A Bahia é assim: mistura santo da Igreja com Orixá do candomblé. E nestas maneiras de entender o sagrado, vive-se um sentimento de devoção para poder festejar, oferecer comida; e trazer memórias africanas que estão presentes nas procissões, nos rituais dos terreiros e nos ofícios das baianas de acarajé.

Santa Bárbara é uma das santas mais populares porque é também Iansã, orixá dos ventos, mulher de Xangô, dona do acarajé. Ela é uma santa que gosta de samba de roda, de muita gente participando das suas devoções nas ruas, nos candomblés; ou ainda em cada tabuleiro, quando é lembrada nas tradições orais que mostram as preferências da santa-orixá pelas comidas feitas com muito dendê, as comidas de ‘azeite’. 

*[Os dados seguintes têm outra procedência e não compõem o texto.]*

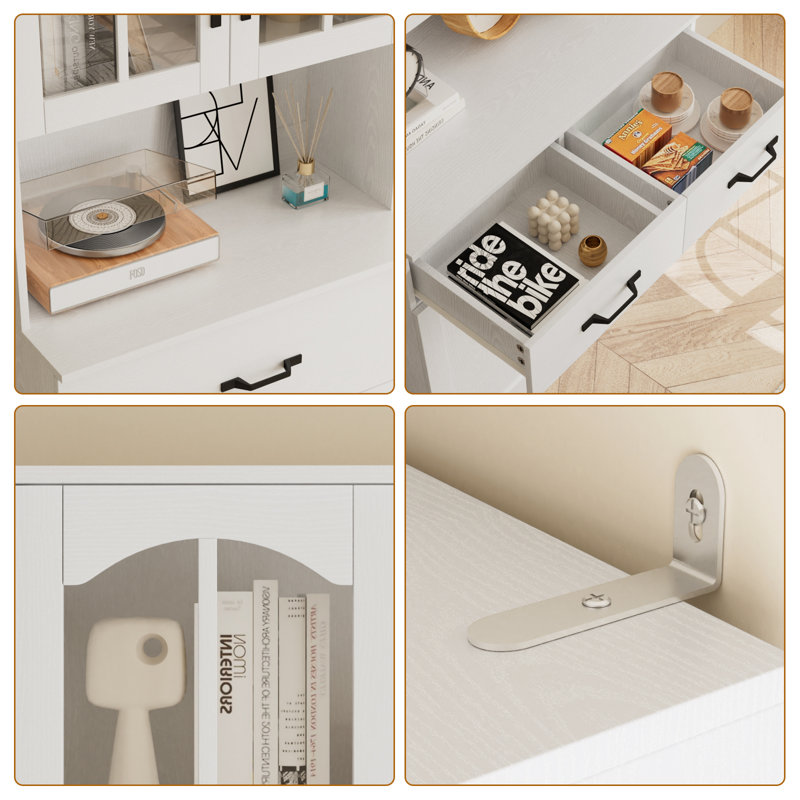 Garde-manger 71 po x l 31,5 po avec bibliothèques et huche de porte en verre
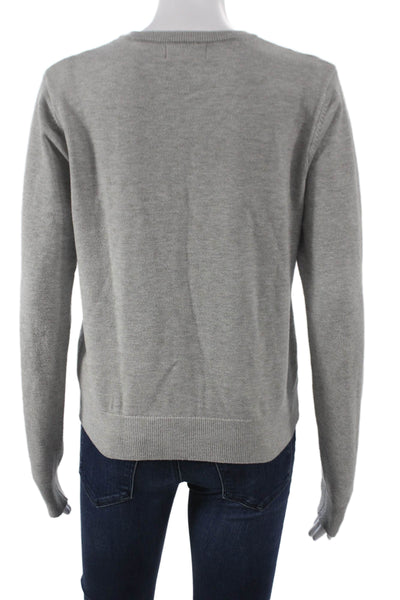 Edikted Womens Cardigan Gray Acrylic Long Sleeve Solid Size S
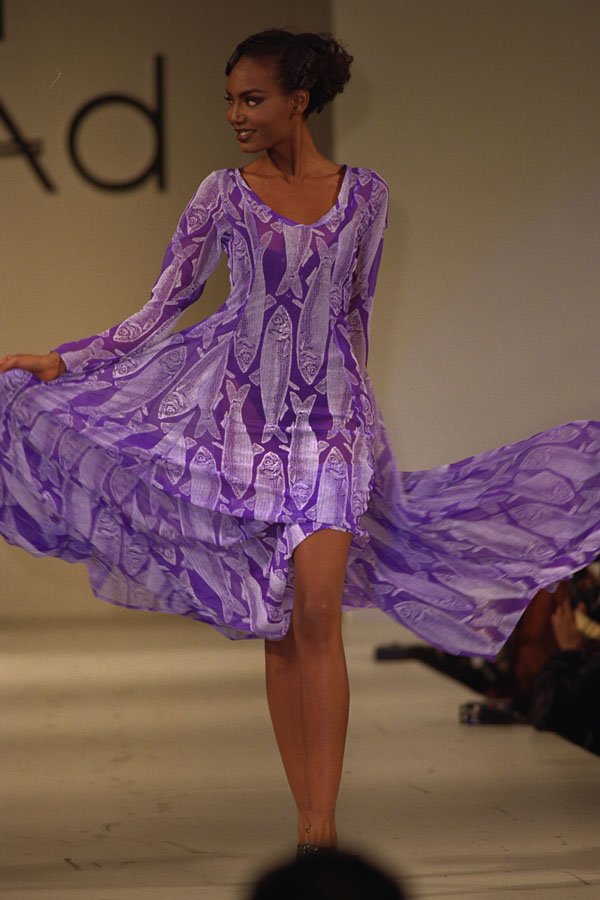 712003 Woman In Purple Dress With Fish Pattern A4 Photo Print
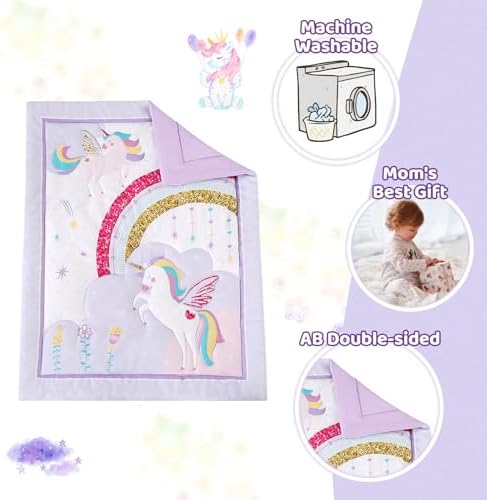 Wowelife Unicorn Crib Bedding Set Purple 3 Pieces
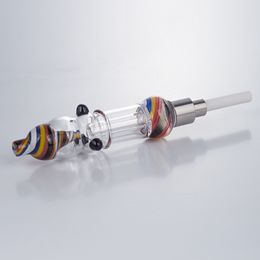 Headshop888 NC101 Heady Colour Glass Bong Smoking Pipes 510 Titanium Ceramic Tip Quartz Banger Nail 45/90 Degree Colourful Spill-Proof Dab Rig Bubbler Pipe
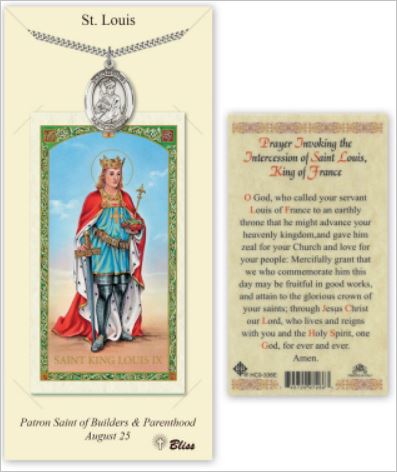 St. Louis Pewter Medal with Laminated Prayer Card, # 67444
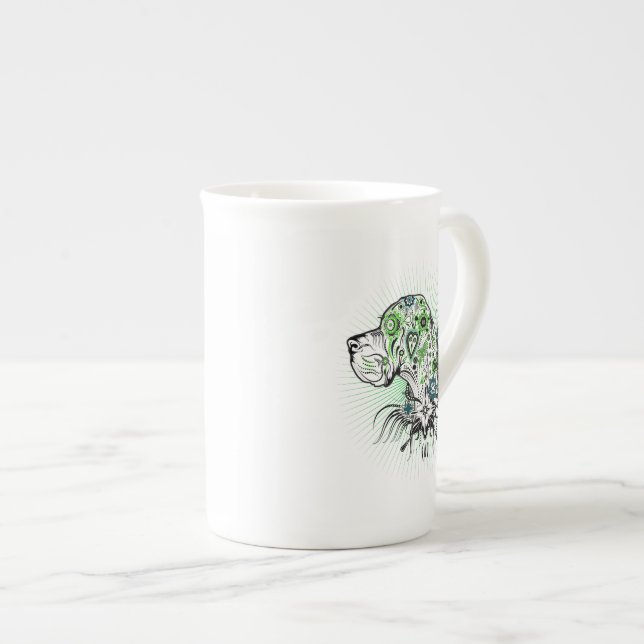 Great dane Mexikanska inspirationschef Porträtt Benporslin Mugg (Framsida höger)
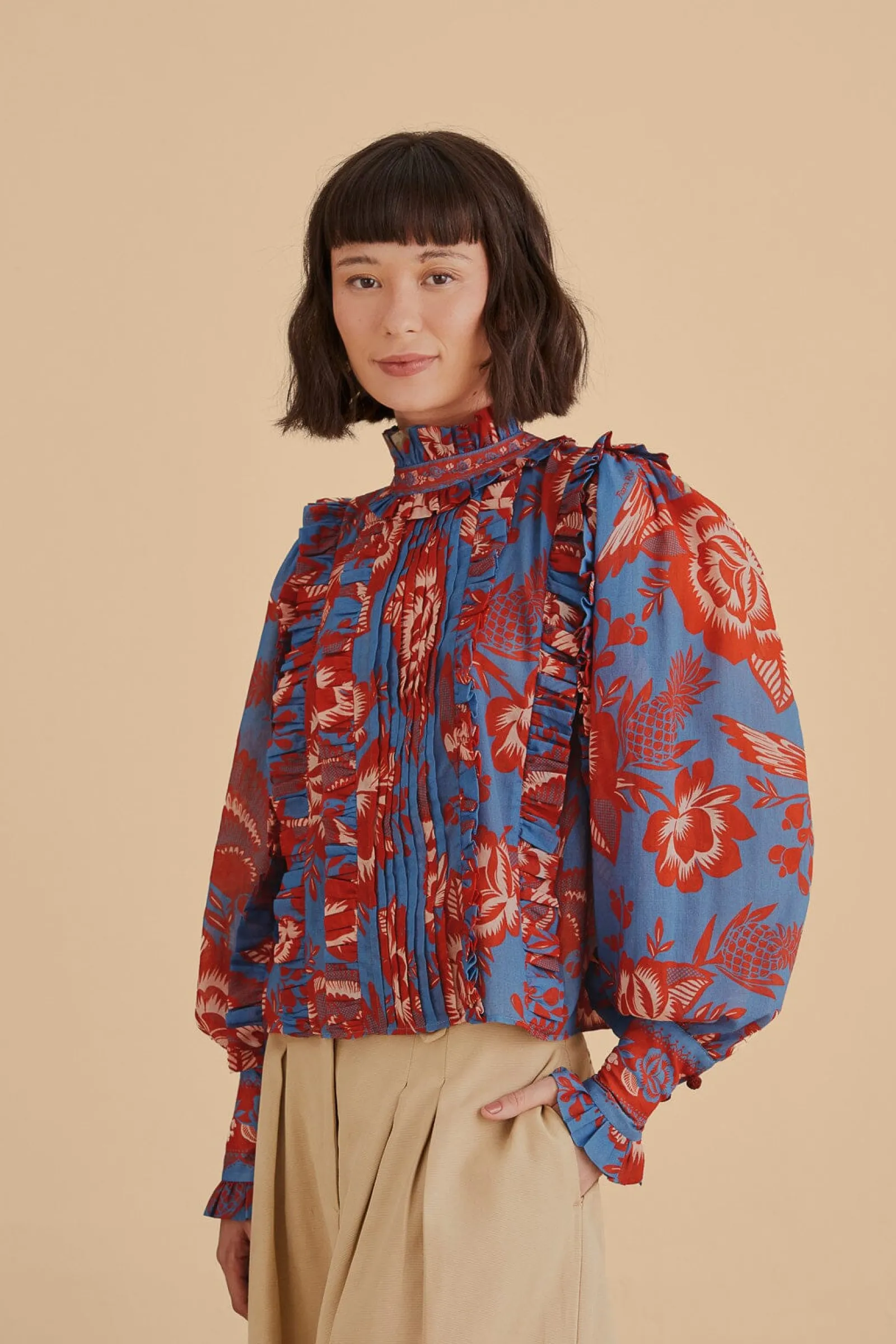  LIGHT BLUE LACE GARDEN RUFFLE BLOUSE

Santa Bárbara – Iansã – gosta de vermelho, é guerreira, é sensual, e mostra o sentido heroico da mulher na busca pelos seus direitos na sociedade e na cultura. E por tudo isso, ela quem ensinou como fazer acarajé, para poder garantir um trabalho, um ofício para mulher.  

Nesta fé popular, na santa e no orixá, revela-se um sentimento pelo sagrado no cotidiano, na vida, no trabalho, nas muitas maneiras de louvar e se aproximar de uma fé ampla e plural que traduz muitas histórias.  Porque nas devoções para Santa Bárbara há um elo de intimidade do devoto com o que é divino, na melhor tradição afro-baiana. 

E o caruru de quiabos é o oferecimento ritual para a santa e para o orixá, uma comida que também é dedicada a Cosme, outra importante devoção nos costumes da Bahia.

Com quiabos ainda se prepara uma outra comida sagrada o amalá de Xangô, com muita pimenta este guisado é colocado sobre uma massa de inhame e servido numa gamela de madeira, e há os acaçás brancos que complementam este banquete feito com muito dendê. 

As comidas de quiabo marcam os preceitos através da alimentação. É a comunicação que se dá pela comida que é preparada como voto de fé, e que integra o sentimento sagrado, tanto na santa quanto no orixá. Comer caruru é comer o sagrado numa interação única entre festa e religiosidade, quando se vive a santa-orixá nas tradições da Bahia.

 

Raul Lody

O AUTOR Antropólogo, especialista em antropologia da alimentação, museólogo. Representou o Brasil no International Commission the Anthropology of Food. Autor de vasta obra publicada com centenas de artigos, filmes, vídeos, e mais de 70 livros nas áreas de arte popular e gastronomia/cultura/ patrimônio. Reconhecido por premiações mundiais e nacionais pelo Gourmand World Cookbook Awards. Curador da Fundação Gilberto Freyre, da Fundação Pierre Verger e do Museu da Gastronomia Baiana do Senac Bahia.